When the fork hits occurred it was with 3/8 steel and thera gold 1 inch wide tapered to 7/8 or 3/4 with about an 8 inch effective length.


----------



## mr.joel (Dec 21, 2009)

Hey, don't get me wrong, I think it's great you spoke up about the G10. I thought that stuff was truly fork hit proof. You learn something new every day(if you're listening). If anything it's a "if it ain't broke, don't fix it," situation concerning the metal construction. If you're living in an Inuit village, Vladivostok, or the top of Norway, you might want to consider this as an issue. For most of us the metal works just fine. However, hailing from Big Sky country, the idea of cold hands did occur to me, digging WAY deep to find a fault.

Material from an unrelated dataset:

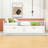 Dzeisonas Twin Size Wooden Daybed with Trundle and Two Storage Drawers-1419422102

The pursuit of the perfect survival slingshot is as fleeting as the pursuit of the perfect survival knife: it simply doesn't exist. It's the IDEA of it that perpetuates creativity and innovation amongst their end users, and consequently their makers. The results are some amazing products, but the goal is never achieved. So be it, if this is what keeps us thinking, innovating, and creating.


----------



## Dan the Slingshot Man (Nov 21, 2010)

Hogans does very nice work!


----------



## ArjunD (Apr 4, 2011)

Wow even nice color!!! Keep it up.


----------